It is fascinating then, that it continues, just another vehicle in the convoy. It is something for the television, just a part of the Tour de France that cannot be disposed of. Even in this age of near-constant communication, there is still space for a woman with a blackboard.
The blackboard with its enticing time acts as the great star in the sky for the break, guiding them with hope towards the finish. On a day when the peloton does not sit up, and allows the men up the road leeway, it could be key to hope for the best. How can you put all your effort into making a move go the distance if you think it will be brought back?
Matteo Jorgenson of Movistar did not believe the break was going to make it until late on on stage 13, by which time he had already missed out on the win.
"I didn't really believe we would make it, until like 15km to go," the American explained. "They were pulling behind, we had two minutes, and it just didn't feel right. We had a headwind the whole day. I half expected [Mads] Pedersen to just stop pulling at some point, but he went on the attack, really caught me off guard, and I was kinda watching [Filippo] Ganna...
"We were super stressed the whole day. We were never given any leash, we never slowed down or anything. I didn't have time to talk between getting bottles for myself."
"The whole time we were getting calls on the radio that a different team was riding, and there wasn’t one point where all four sprint teams were riding," Wright said. "We kept plugging away, and the way Quinn Simmons was riding on the climbs, if I was a sprinter I’d be getting dropped at this point. It was when it went to three minutes that I thought it was sorted."
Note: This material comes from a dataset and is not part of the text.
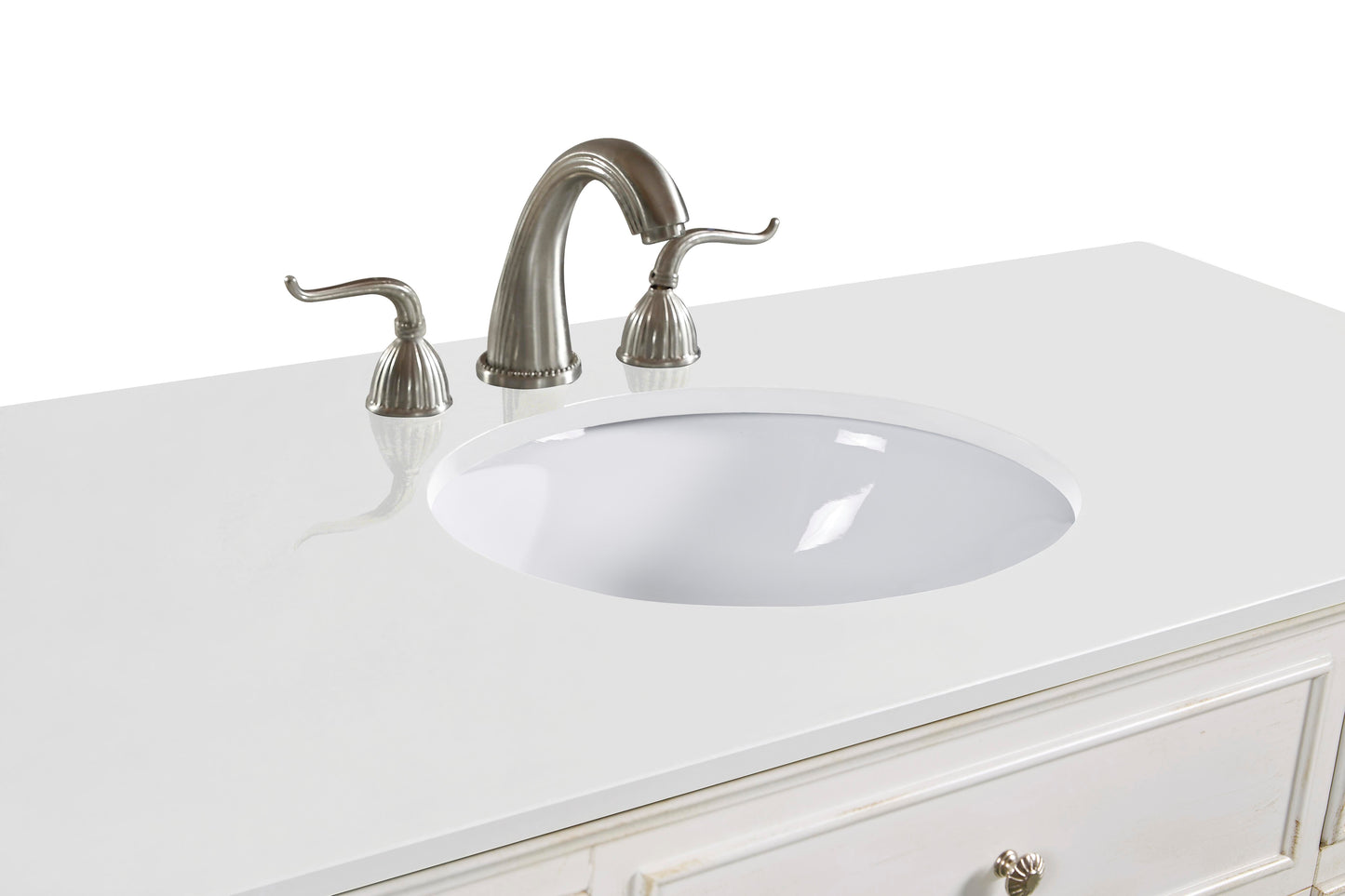 48 inch Single Bathroom Vanity in Antique White with Ivory White Engineered Marble - BC1104835AW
Every time you jump to get in a break, you must think it could succeed surely, otherwise what would be the point in wasting all that energy. Even if you are a B&B Hotels-KTM or TotalEnergies riders on a bunch sprint day, you still must believe in the possibility of success. If not, why try.
On lumpy days where the break probably will succeed, that fight to get into the move is one of the hardest parts of the day. To watch this happen in real time is incredible, as the bunch surges, strings out, tries to control things and fails. There is attack after attack, and sometimes it is down to sheer fortune rather than form.
"It depends a lot on the start," Dombrowski explained. "If you start on a long climb it's a lot more about legs than it is about luck. If it's a flat start on a big road, for sure you need the power, because the speed is going to be high. also there is going to be an element of luck, because you can't go every time.
"When there's a big road the peloton can't block the road, so it can carry on for an hour or two. If it's a day you want to be in a break, the key is to look at VeloViewer. Climbs, places where gaps can be established. It's a little bit of art, a little bit of luck. It depends on the stage.
"What do you have to lose. You spend a lot of energy, if you're tired you drop, and no one cares."
The break might not succeed all the time, but when it does it is special, especially when it's on a day when the peloton don't give up. It gives riders hoping to go up the road later more hope, adds chaos to the race. You've just to keep believing.
Also, remember, whatever you do, keep checking the time on the blackboard. That's a lot of work put into a pointless exercise.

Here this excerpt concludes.